A colleague recently brought up this argument when we were talking about big-O runtime analysis and I've been unable to find why it is incorrect:
Informally, the argument goes like this:
"If the runtime of all logarithms of any base are supposed to be equivalent, there is nothing that keeps us from saying $O(\log x) \equiv O(\log_x x) \equiv O(1)$, so either the upper bound of logarithmic growth is constant (which it evidently is not) or all logarithms are, after all, not equal in runtime."
We recalled the reasoning behind the accepted $ O(\log_a x) \equiv O(\log_b x)$ from the lemma that allows us to calculate logarithms of arbitrary base, i.e.
$$ \log_a x = \frac{\log_b x}{\log_b a} $$ where, since $a,b$ are constant also $\frac{1}{\log_b a}$ is constant, and hence $ O(\log_a x) \equiv O(\log_b x)$ holds.

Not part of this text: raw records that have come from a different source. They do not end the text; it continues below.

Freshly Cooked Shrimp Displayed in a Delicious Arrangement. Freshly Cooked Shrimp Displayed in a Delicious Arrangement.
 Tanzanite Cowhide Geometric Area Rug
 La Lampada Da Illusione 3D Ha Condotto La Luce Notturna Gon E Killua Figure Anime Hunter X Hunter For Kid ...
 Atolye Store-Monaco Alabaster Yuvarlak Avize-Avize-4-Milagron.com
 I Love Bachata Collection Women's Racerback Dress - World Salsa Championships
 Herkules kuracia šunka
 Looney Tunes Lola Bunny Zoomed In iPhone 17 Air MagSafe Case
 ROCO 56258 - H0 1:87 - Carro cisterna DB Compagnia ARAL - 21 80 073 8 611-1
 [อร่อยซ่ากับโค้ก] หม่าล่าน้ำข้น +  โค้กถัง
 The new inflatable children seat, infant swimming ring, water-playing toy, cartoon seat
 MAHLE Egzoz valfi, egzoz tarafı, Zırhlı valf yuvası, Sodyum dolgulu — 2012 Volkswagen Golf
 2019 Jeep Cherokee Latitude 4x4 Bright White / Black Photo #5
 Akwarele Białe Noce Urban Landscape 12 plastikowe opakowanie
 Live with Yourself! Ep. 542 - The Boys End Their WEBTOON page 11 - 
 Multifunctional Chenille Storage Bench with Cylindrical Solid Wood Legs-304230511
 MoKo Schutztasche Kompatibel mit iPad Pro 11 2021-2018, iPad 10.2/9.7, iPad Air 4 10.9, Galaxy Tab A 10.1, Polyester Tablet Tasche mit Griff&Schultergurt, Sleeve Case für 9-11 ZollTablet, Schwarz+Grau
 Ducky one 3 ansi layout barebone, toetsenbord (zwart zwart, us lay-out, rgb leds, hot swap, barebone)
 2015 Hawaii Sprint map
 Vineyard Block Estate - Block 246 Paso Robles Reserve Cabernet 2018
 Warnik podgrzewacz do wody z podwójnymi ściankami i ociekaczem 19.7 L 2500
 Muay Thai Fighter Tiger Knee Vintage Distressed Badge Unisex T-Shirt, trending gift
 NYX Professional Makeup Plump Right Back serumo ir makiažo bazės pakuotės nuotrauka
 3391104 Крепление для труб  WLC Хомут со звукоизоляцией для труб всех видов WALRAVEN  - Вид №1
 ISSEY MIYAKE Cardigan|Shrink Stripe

I argued that since $x$ is decidedly not a constant, his conjecture would also be false as no constant factor could be extracted from the lemma.
The counterargument quickly followed, stating that since $ O(\log_a x) \equiv O(\log_b x)$ holds $\forall a,b \in \mathbb{R^+}$ it must not only hold in $a =x$ or $b = x$, but also in $a=1$ and $b=1$ and consequently $ O(\log x) \equiv O(\log_1 x) = O(0) \equiv O(1)$ breaking the original lemma not only for the base $x$ but also base $1$, where $1$ is about as constant as it gets. <- beer induced math fail
At that point in conceded that I could not find a flaw in the argumentation and as such I am turning to you: What's going on here and where are we wrong?